Lo sceneggiatore, Mehdi Mahmoudian, che ha lavorato con Jafar Panahi, è stato infine rilasciato dalle autorità iraniane dopo una detenzione durata diciassette giorni.
Cosa ha scatenato l’arresto?
Le autorità iraniane hanno arrestato Mahmoudian nei primi giorni di febbraio. La causa dell’arresto fu la firma di Mahmoudian su una dichiarazione, giudicata sovversiva dal governo, nei confronti del leader della Repubblica Islamica dell’Iran: Ali Khamenei. La dichiarazione in questione esprimeva preoccupazione riguardo la repressione violenta delle proteste contro il governo. Proseguendo poi con un invito alla creazione di un’assemblea costituente in grado di ricevere tutte le credenze politiche iraniane in un processo democratico e trasparente.

Mehdi Mahmoudian (a sinistra) e Jafar Panahi (a destra)
Giovedì 12 febbraio, attraverso un comunicato di Neon (azienda distributrice di Un semplice incidente), Panahi esprime il suo punto di vista in questo modo:
“Mehdi Mahmoudian, Vida Rabbani e Abdollah Momeni hanno esercitato pacificamente il loro diritto di esprimere un’opinione personale, tuttavia il regime ha risposto accusandoli di “insultare il Leader Supremo” e di “propaganda contro la Repubblica Islamica”. Per anni, questo tipo di accuse sono state utilizzate come strumento per criminalizzare il pensiero, per far tacere la critica e per instillare paura nella società.

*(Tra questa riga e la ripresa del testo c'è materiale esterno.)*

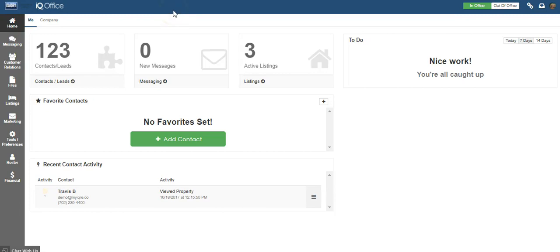Hello and welcome to training on how to change the order or add images in your IQ office. To begin, log in to your IQ office. If you don't know how to access the system, contact your office administrator and they can help you with that.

Trasformare un atto civile e pacifico in un caso di sicurezza nazionale è un chiaro segno di intolleranza verso le voci indipendenti dei cittadini”
Secondo gli ultimi aggiornamenti, il rilascio di Mahmoudian, dell’attivista e giornalista Vida Rabbani e dello studente attivista Abdollah Momeni, è arrivato a seguito di un accordo con la Corte Rivoluzionaria. L’accordo prevede un pagamento di una somma equivalente a circa diecimila dollari statunitensi.
L’impegno e la perseveranza di Mehdi Mahmoudian
Mahmoudian non è nuovo a questo tipo di provvedimenti da parte del regime. Basta pensare che, quando lavorava come giornalista politico e blogger, fu incarcerato per cinque anni per “ammutinamento al regime” poiché aveva documentato gli abusi sui detenuti nel Kahrizak Detention Center. Nel 2014 tornò in libertà e riprese il suo lavoro esattamente da dove l’aveva lasciato.
L’attivismo di Mahmoudian prosegue e si intreccia a quello di Panahi, insieme a cui, scrive Un semplice incidente, nominato a due categorie dei premi Oscar. La storia, in parte commedia drammatica e in parte dramma politico, verte su un ex detenuto iraniano che crede di aver rintracciato il suo crudele carceriere e si coalizza con altri ex detenuti per identificarlo.